The ISLasso Estimator for Multicollinearity and High-Dimensional Problems in Linear Regression with Continuous and Categorical Outcomes
Keywords:
ridge regression, LASSO regression, elastic net regression (ENET), adaptive Lasso regression (ALASSO), adaptive elastic net regression (AENET), ISLasso, MAENet, high-dimensional data, multicollinearity, penalized regressionAbstract
This paper compares the efficiency of seven penalized regression estimators-Ridge, LASSO, Elastic Net (ENET), Adaptive LASSO (ALASSO), Adaptive Elastic Net (AENET), ISLasso, and MAENet-designed to improve predictive performance under conditions of multicollinearity and high dimensionality.
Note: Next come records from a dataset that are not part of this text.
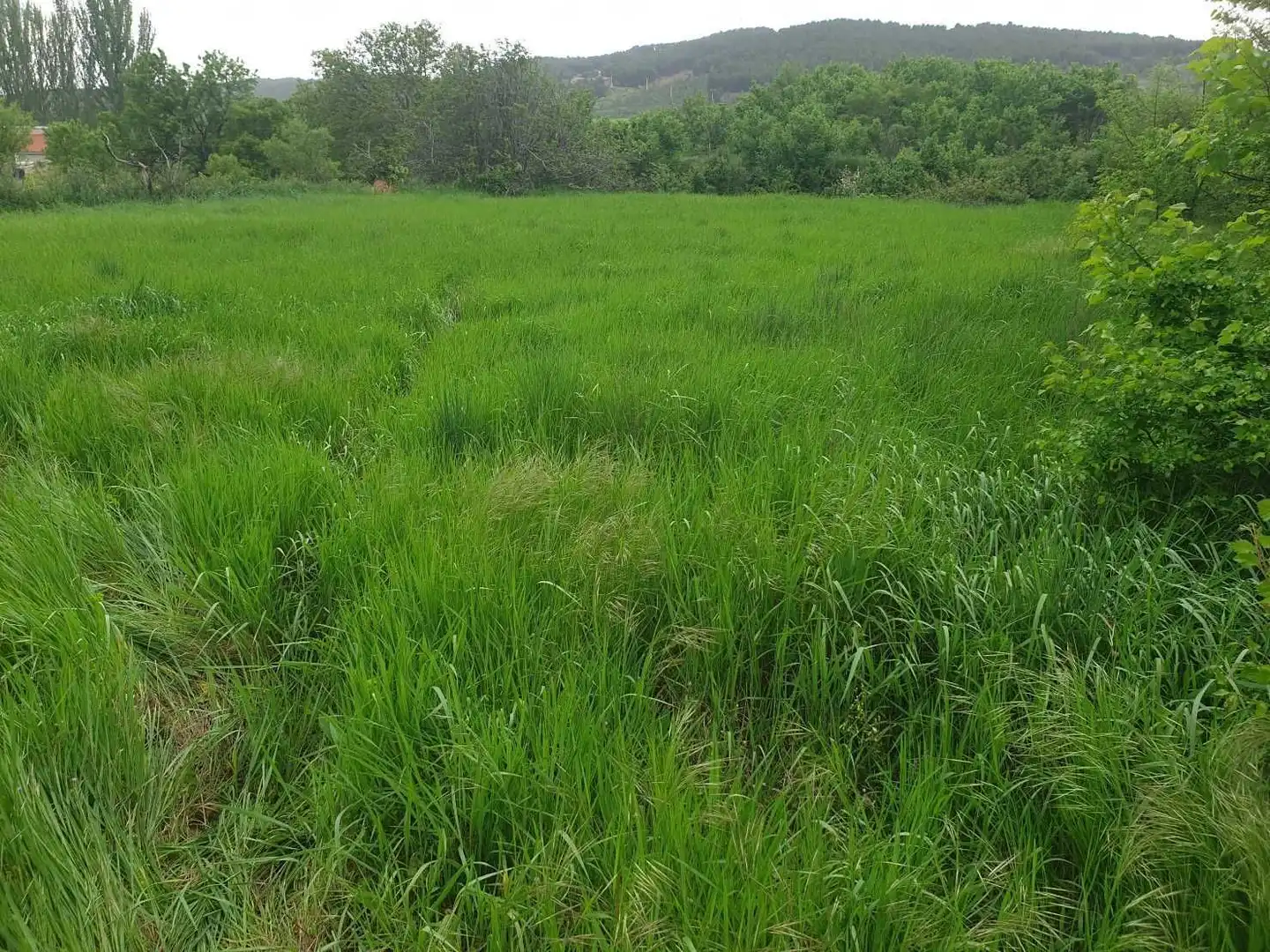Terreno en venta en Munébrega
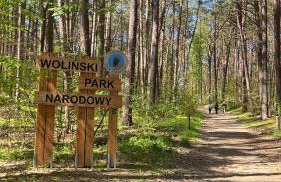 Biały domek - Photo 28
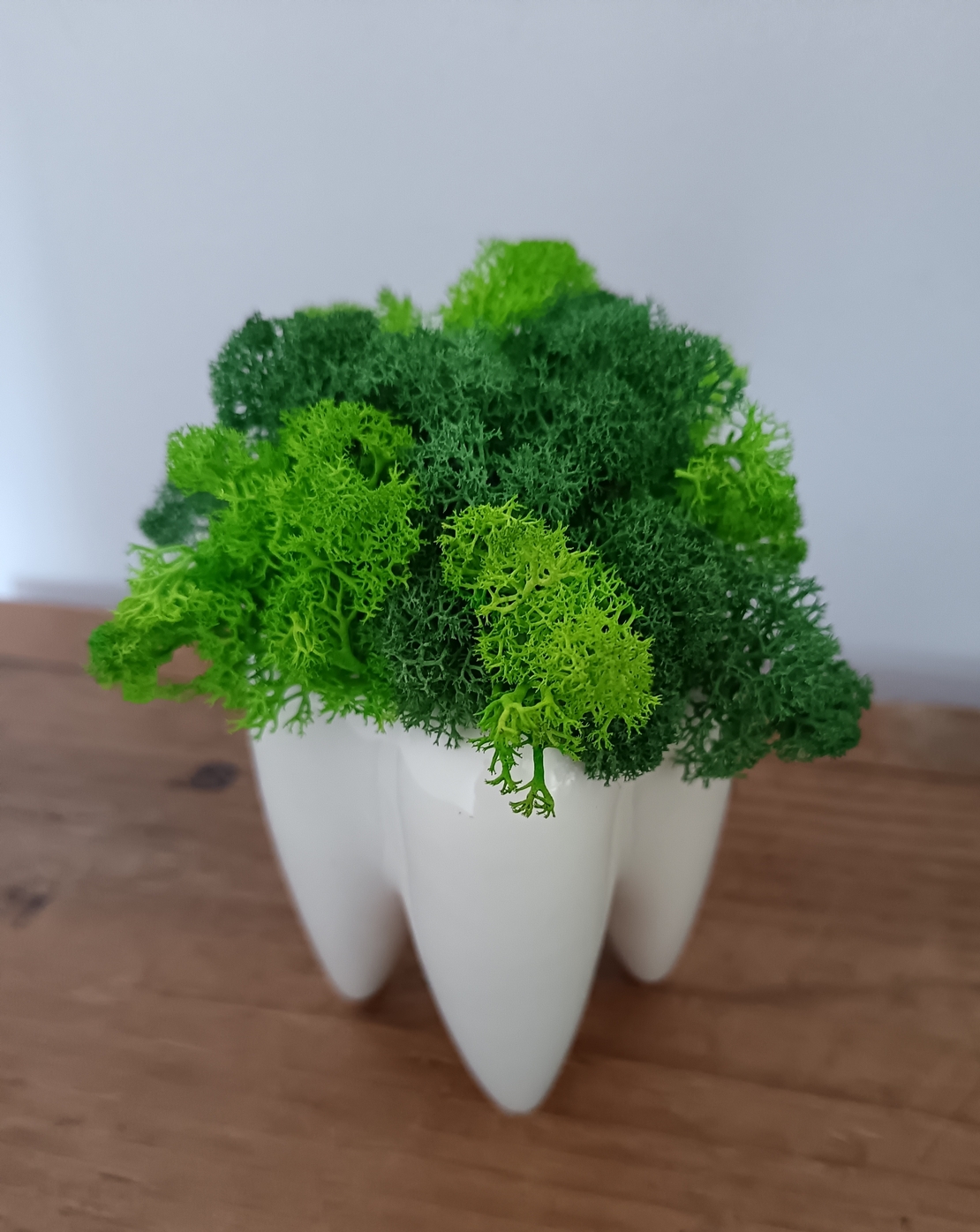 Кашпа зъбче със скандинавски мъх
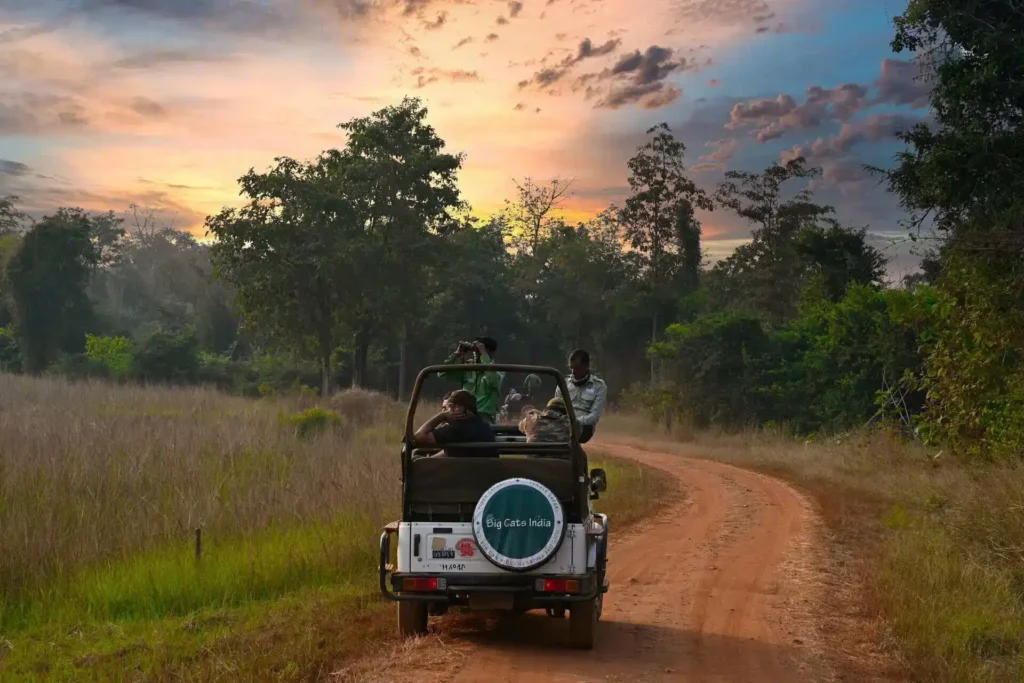Complete Guide to Booking a Jeep Safari in Kanha National Park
By incorporating penalty terms into the ordinary least squares (OLS) framework, these methods reduce variance at the cost of introducing some bias, thereby shrinking coefficient estimates toward zero. The study evaluates estimator performance for both continuous and binary dependent variables using Mean Squared Error (MSE) and Mean Absolute Error (MAE). Analysis is based on simulated datasets with varying sample sizes, numbers of predictors, and correlation levels (ρ = 0.0 to 0.80), with 500 replications per simulation condition.